Would you set down the data that follows, word for word, without any pictures?

**Supplied data**
....................

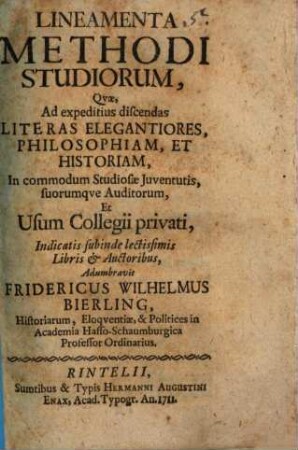 Lineamenta methodi studiorum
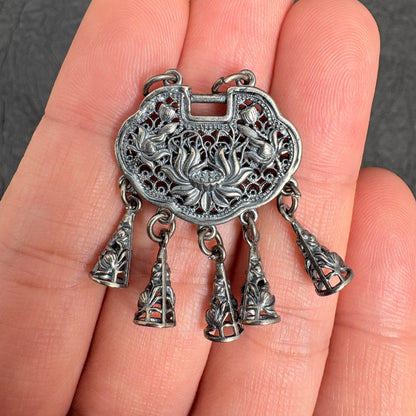 Vintage Filigree Longevity Lotus Lock Pendant with Bells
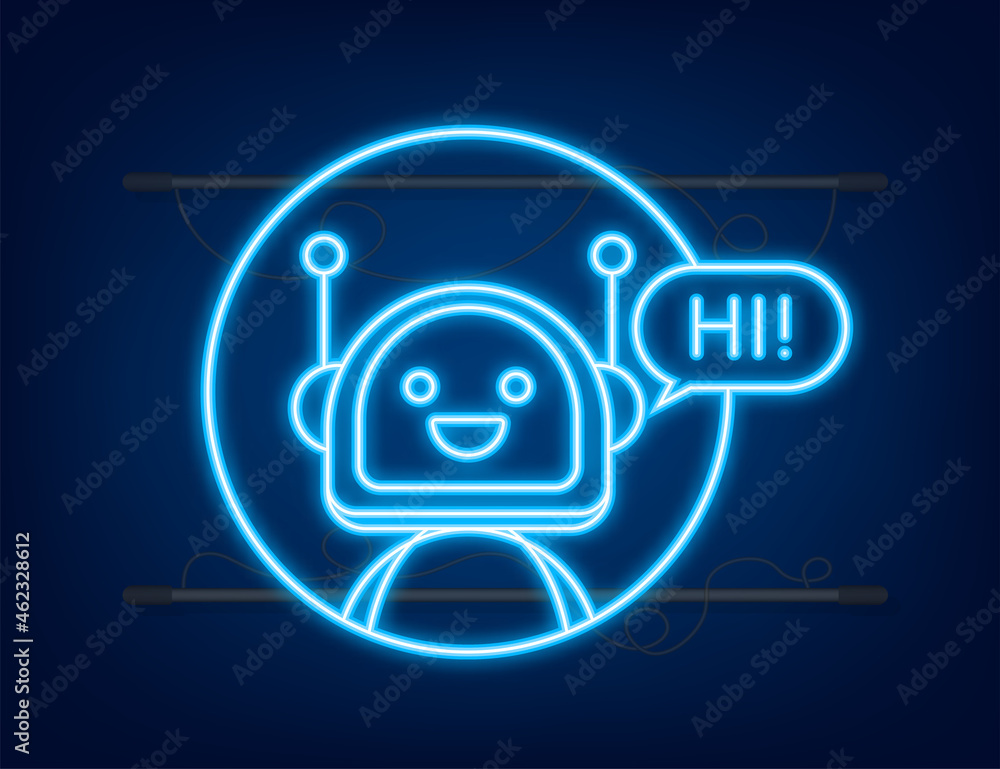 Poster robot neon icon. bot sign design. chatbot symbol concept. voice support service bot. online support 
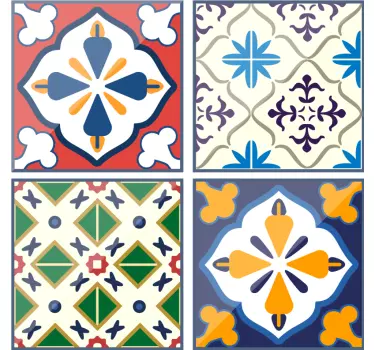 Zestaw naklejek na płytki wzór portugalski - TenStickers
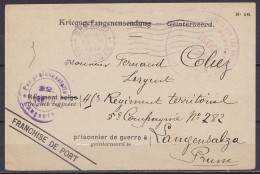 CP Kriegsgefangenensendung En Franchise Flam. BRUXELLES /20.XI 1916 Pour Prisonnier à BAD LANGENSALZA Prusse - Cachets C - Prisonniers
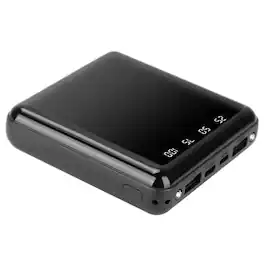 Stock Preferred - 10000mAh Portable Power Bank with 4 Built-in Cables and Digital Display - Black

....................

**Finished task**
 Lineamenta methodi studiorum
 Vintage Filigree Longevity Lotus Lock Pendant with Bells
 Poster robot neon icon. bot sign design. chatbot symbol concept. voice support service bot. online support 
 Zestaw naklejek na płytki wzór portugalski - TenStickers
 CP Kriegsgefangenensendung En Franchise Flam. BRUXELLES /20.XI 1916 Pour Prisonnier à BAD LANGENSALZA Prusse - Cachets C - Prisonniers
 Stock Preferred - 10000mAh Portable Power Bank with 4 Built-in Cables and Digital Display - Black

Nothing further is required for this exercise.